## EXERCISE GOAL
The task calls for the lines from the start of the entries below through the line with "This enclosure sets", given again verbatim, with every picture dropped.

##############################

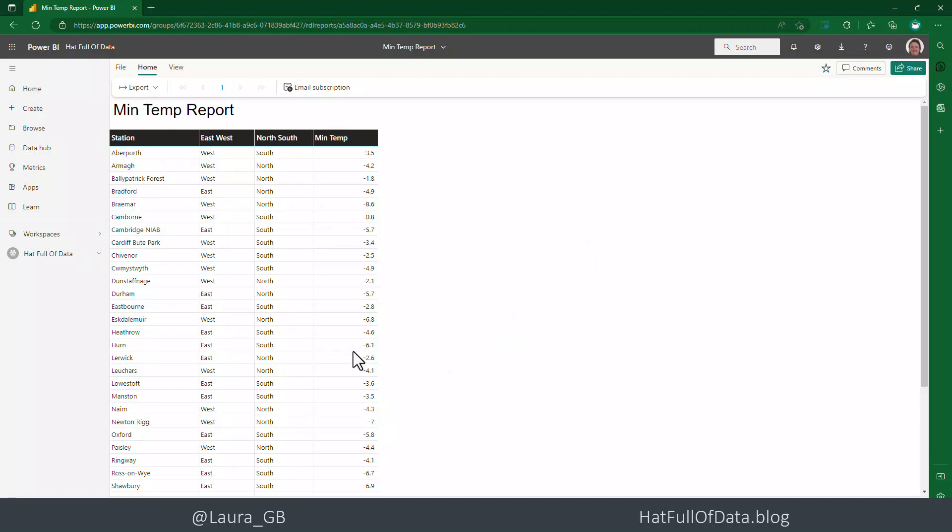So that was a really quick create a paginated report straight from a Power BI dataset. And I'm Laura GB. And if you haven't already, please press subscribe. Take care now.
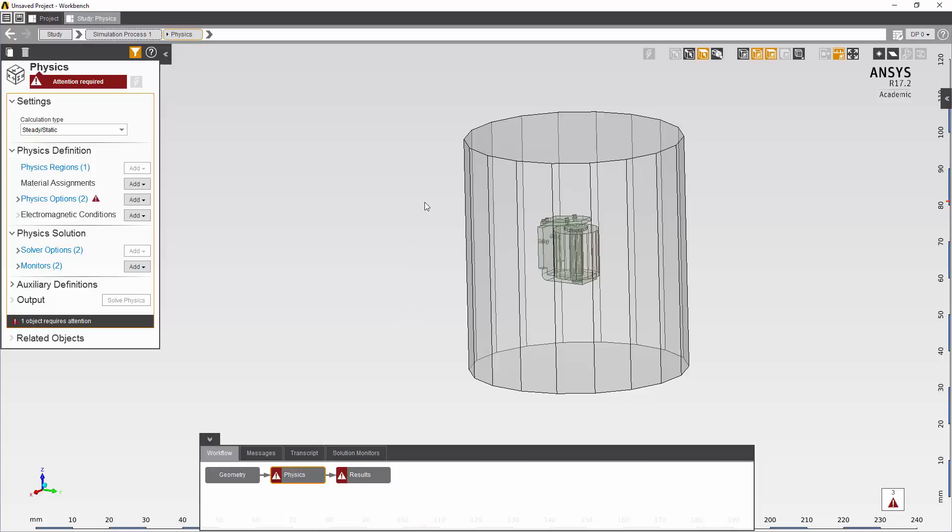This enclosure sets the domain of the problem, essentially the system that the solver would deal with. And the requirements are that the magnetic flux lines that are generated by the relay don't cross the boundaries of this container.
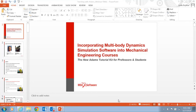Hello everyone, good morning and good afternoon. This is Leslie Bodner with MSC Software. Yijun Fan is also here with me. Both of us are part of the global corporate marketing organization. Thank you very much for joining our webinar today. The topic of this webinar is basically focused on methods for incorporating multi-body dynamics simulation software into mechanical engineering courses.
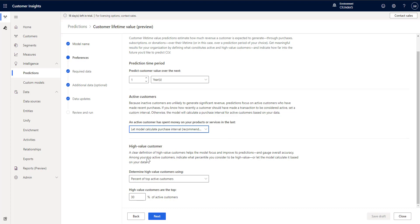Then we're choosing what is the definition of a high value customer. So in this case we're doing the percent of the top active customers. Helps us determine the high value. I want to say the top 30 percent of all active customers is what we consider to be a high value customer.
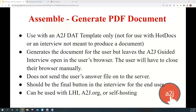The fourth option for exiting is Assemble Generate PDF Document. This is only intended to be used with the A2J Document Assembly Tool — the A2J DAT templates — not for HotDocs templates. What this does is generate a PDF for the end user but leave the A2J viewer screen open; the user then has to manually close their browser. It also doesn't send the end user's answer file onto a server. This should be used when you only want the user to get their document and nothing else — no saving of an answer file, no sending information on. It's a one and done: they do the interview, take their document, and leave. Generally used for short interviews or in self-hosting instances where the server doesn't have answer file storage configured.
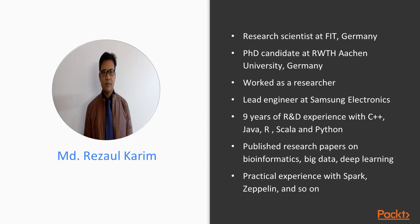Mohamed Razoul Karim is a research scientist at Fraunhofer FIT in Germany. He is also a PhD candidate at RWTH Aachen University in Germany. Before joining FIT, he worked as a researcher at the Insight Center for Data Analytics in Ireland. He was a lead engineer at Samsung Electronics in Korea. He has nine years of R&D experience with C++, Java, R, Scala, and Python.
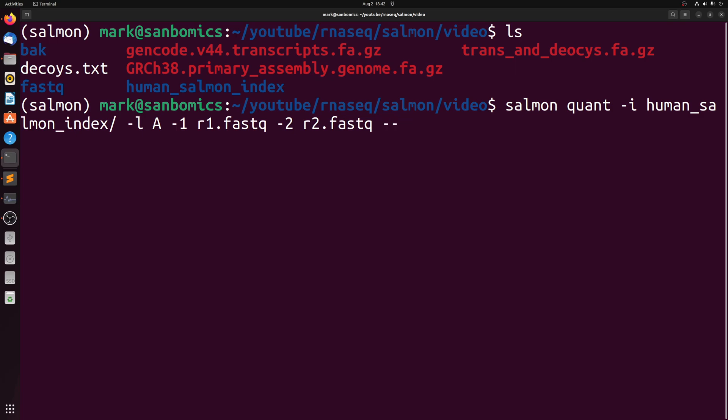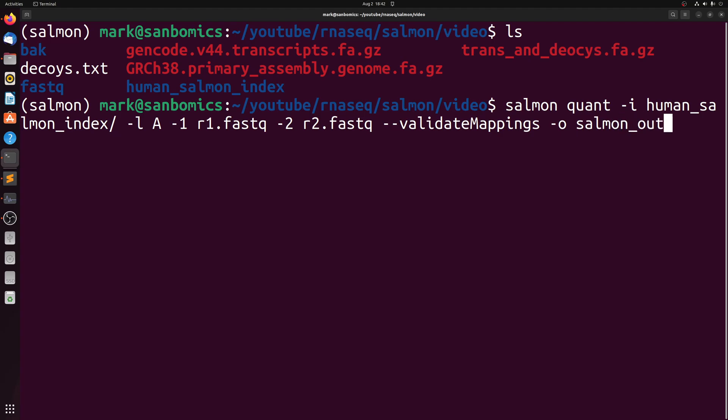And then we want to pass validate mappings, and then dash O is going to be the output path. So we're going to make a new directory that the output is going to go into, and that's going to be called salmon out.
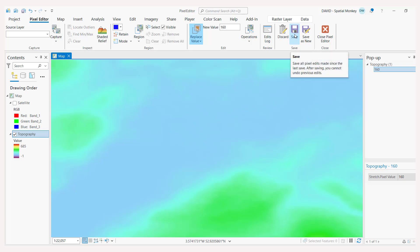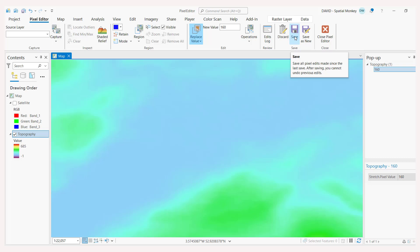To make the changes permanent we do need to save. And that is the way that you can edit your rasters to make the changes.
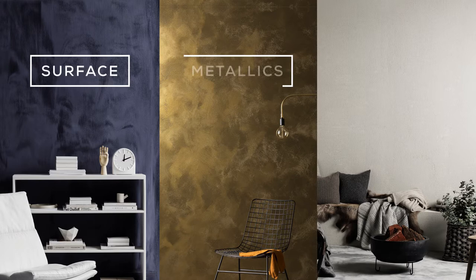The collection features three core ranges: surface, metallics, and textures.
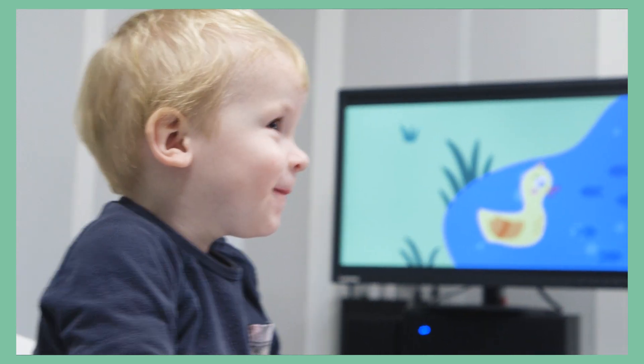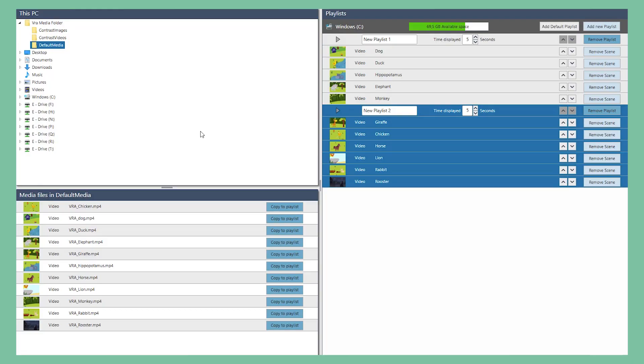When opening the VRA Pure software, you can create your own playlists with content from your own PC. Or you can use the default playlists, also known from the VRA Screen Solution.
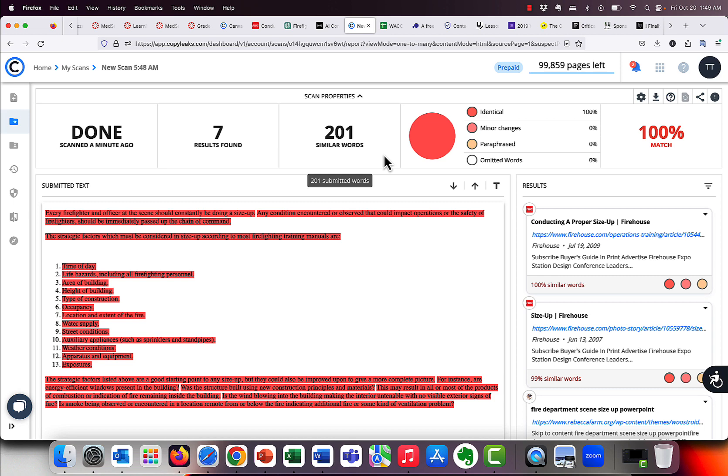So I think that walks us through everything, how to create the assignment, what it looks like from a student perspective, and from your perspective. As always, if you got any questions, give us a call, shoot us an email. We'll be happy to walk you through this, but hopefully this will get you guys started. Again, one last time, the reminder, this will be our only plagiarism detector going forward starting in the winter, in January 2024.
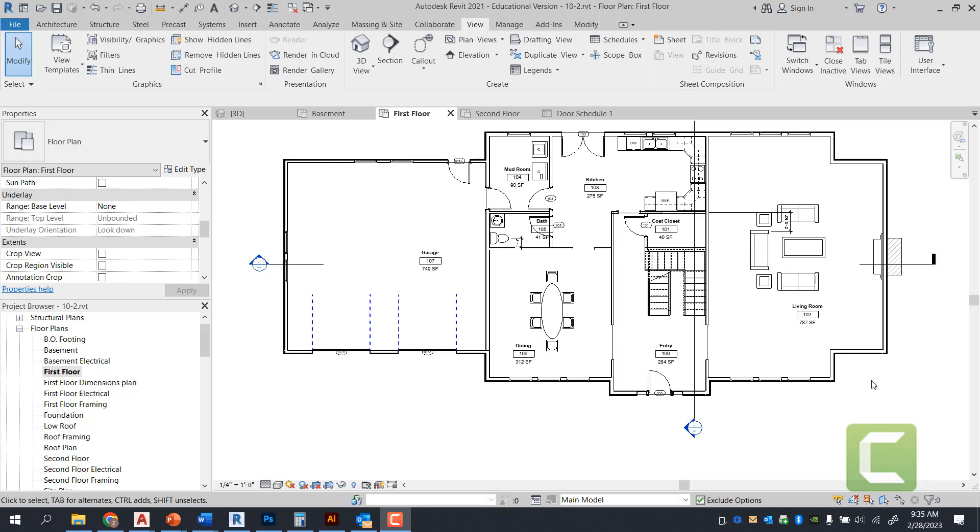Hey guys, welcome back to Revit Exercise 13-3. In this video, we're going to be looking at how to generate a room finish schedule. Much like how we did a door schedule, we're going to be looking at similar steps that we're going to take to create a room schedule.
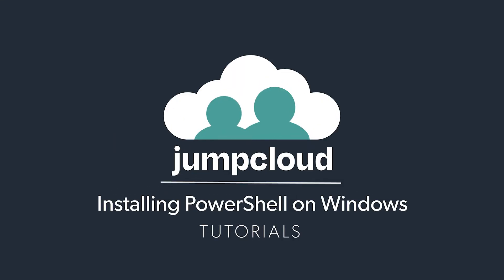Welcome to JumpCloud's Directories of Service. Today we're going to be covering how to install the JumpCloud PowerShell module for Windows. Let's begin.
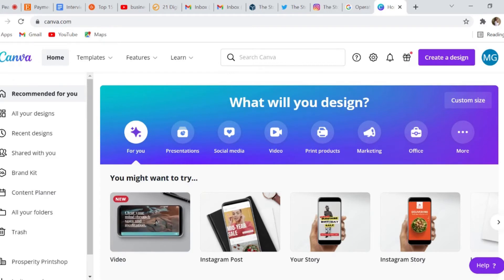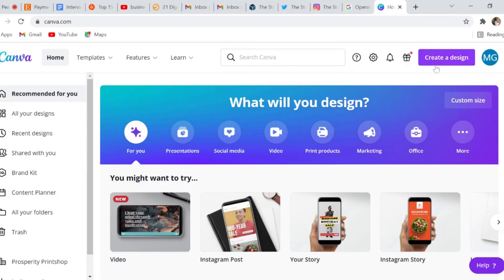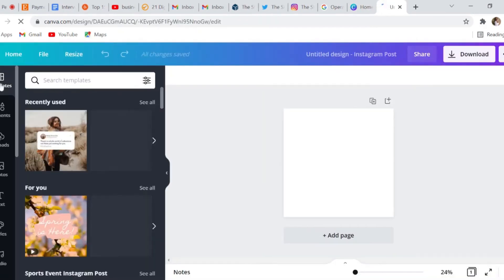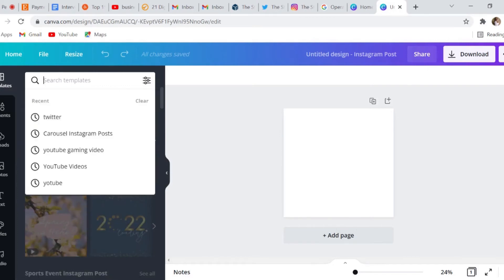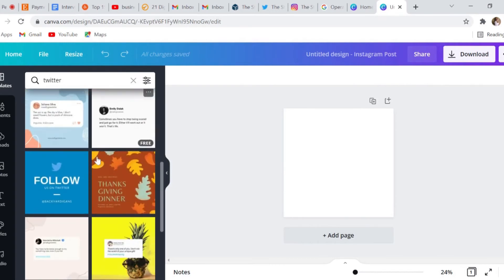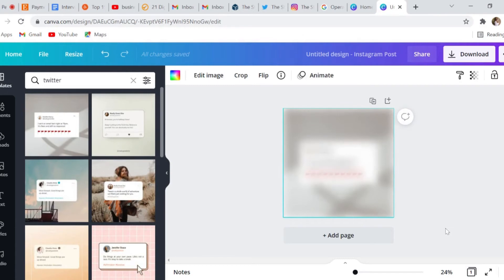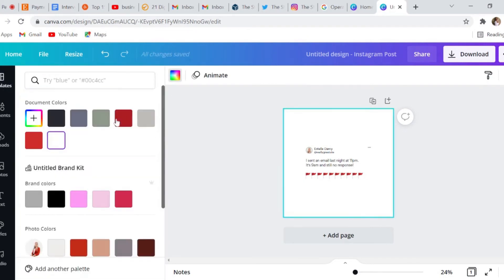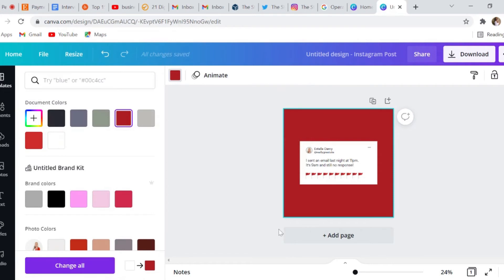The next thing I want to show you is how you can take your tweet and turn it into an aesthetically pleasing Instagram post that matches your feed. Go to Canva.com, click create a design, go to your Instagram post, then search templates and search Twitter. All the different designs they offer will show up — you're able to turn your tweet into an Instagram post, change the background, add color, whatever you want.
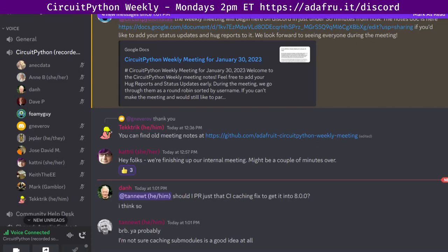Hello, everyone. This is the CircuitPython weekly meeting for January 30, 2023. My name is Tim and I am sponsored by Adafruit to work on CircuitPython. CircuitPython is a version of Python designed to run on tiny computers called microcontrollers. CircuitPython development is primarily sponsored by Adafruit, so if you want to support Adafruit and CircuitPython, consider purchasing hardware from Adafruit.com. This meeting is hosted on the Adafruit Discord server — you can join anytime by going to adafru.it/discord.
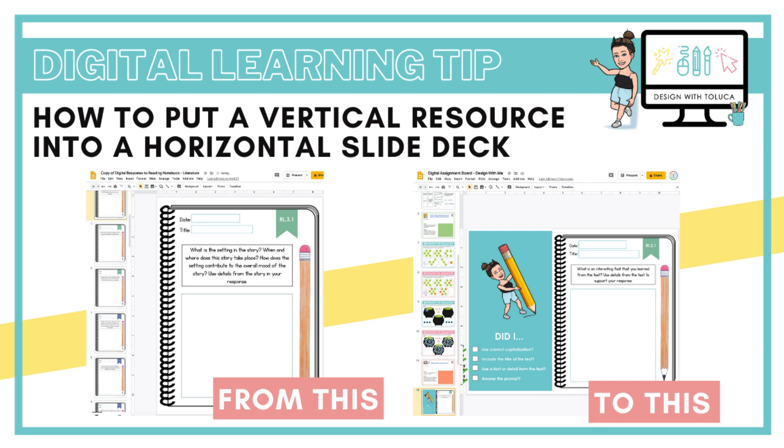Hi everyone! I'm Toluca from Markers and Minions, and today's tip for you is how to insert a vertical resource into a horizontal slide deck.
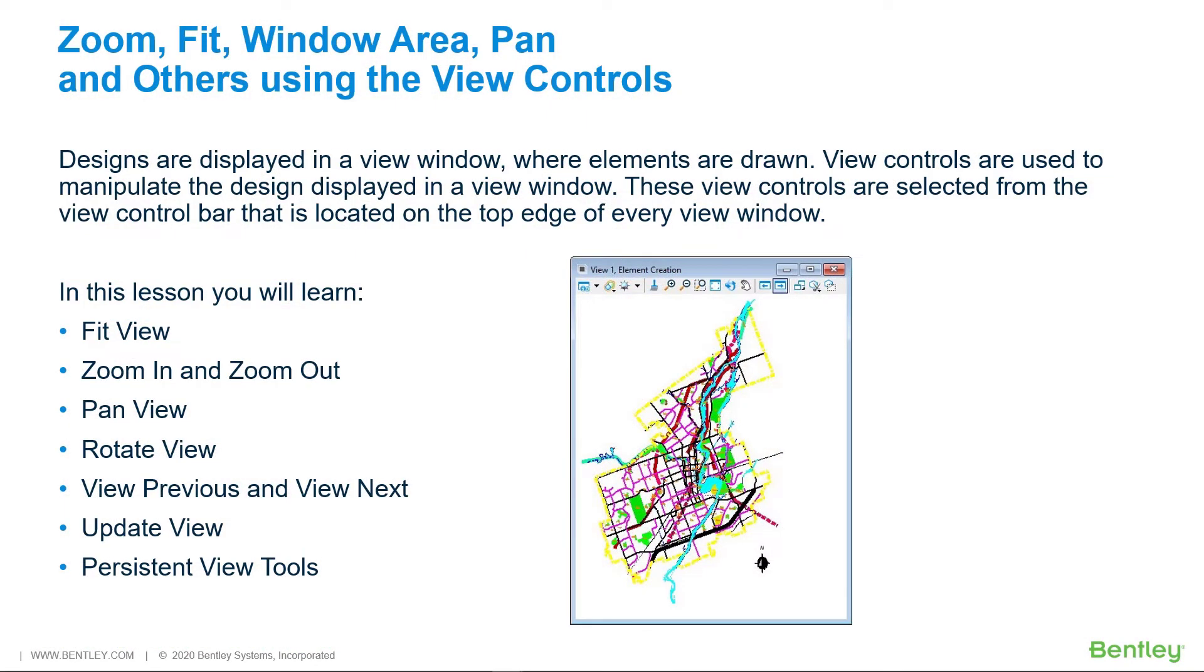View controls are used to manipulate the design displayed in the view window. These view controls are selected from the view control bar located on the top edge of every view window.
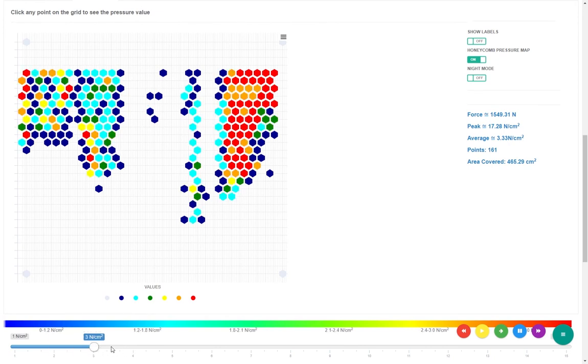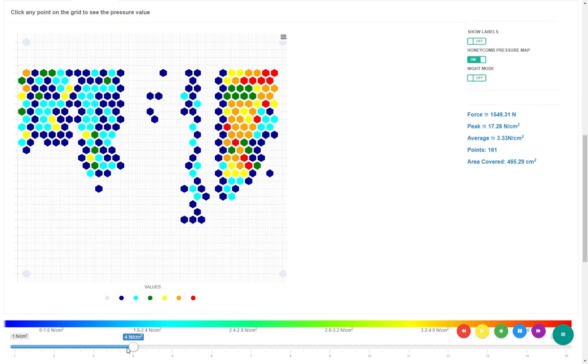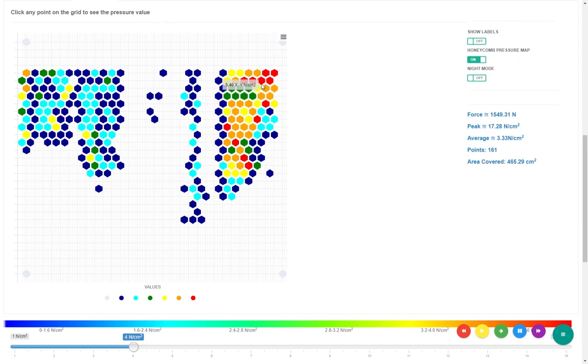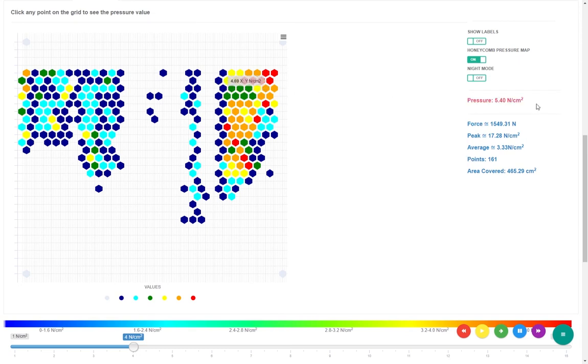Here, the slider at the bottom is the max pressure threshold. If the pressure exceeds this, then it will be marked red. Similarly, if the pressure is insignificant, then it will be marked light blue.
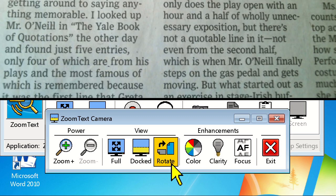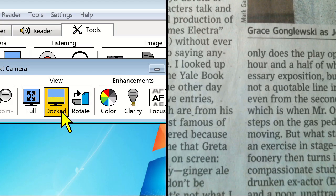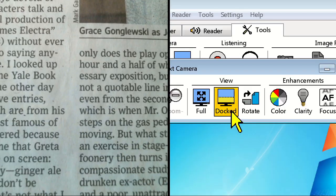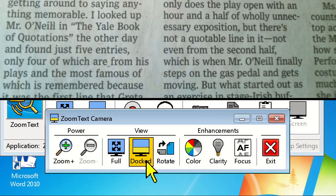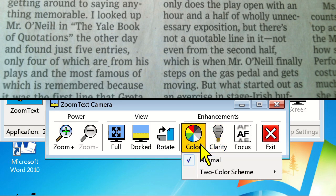Pressing the Dock button will allow you to move the camera image to the top, right, bottom, or left-hand side of the screen. The next and most powerful part of the camera feature are the enhancements.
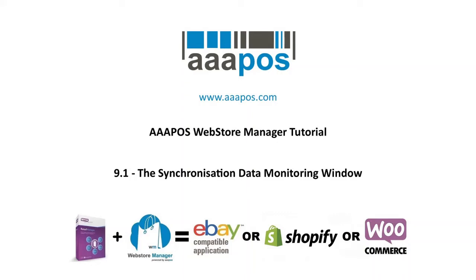Welcome to the AAA POS Web Store Manager tutorial, section 9.1. The Synchronization Data Monitoring Window.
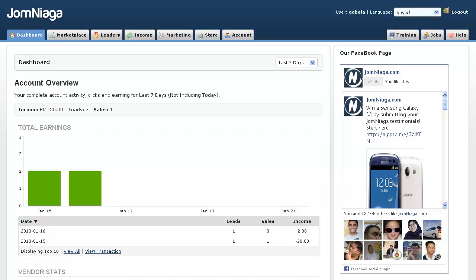In this video, I'm going to show you a very simple and effective way to start promoting products from Joomliaga.com using banners. This is very useful if you have a Blogger or Blogspot blog, or any other kind of blog, or even a static website or Joomla. You can use this on any kind of website that you have.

##############################

## EXERCISE RESPONSE
So that was a really quick create a paginated report straight from a Power BI dataset. And I'm Laura GB. And if you haven't already, please press subscribe. Take care now.
This enclosure sets the domain of the problem, essentially the system that the solver would deal with. And the requirements are that the magnetic flux lines that are generated by the relay don't cross the boundaries of this container.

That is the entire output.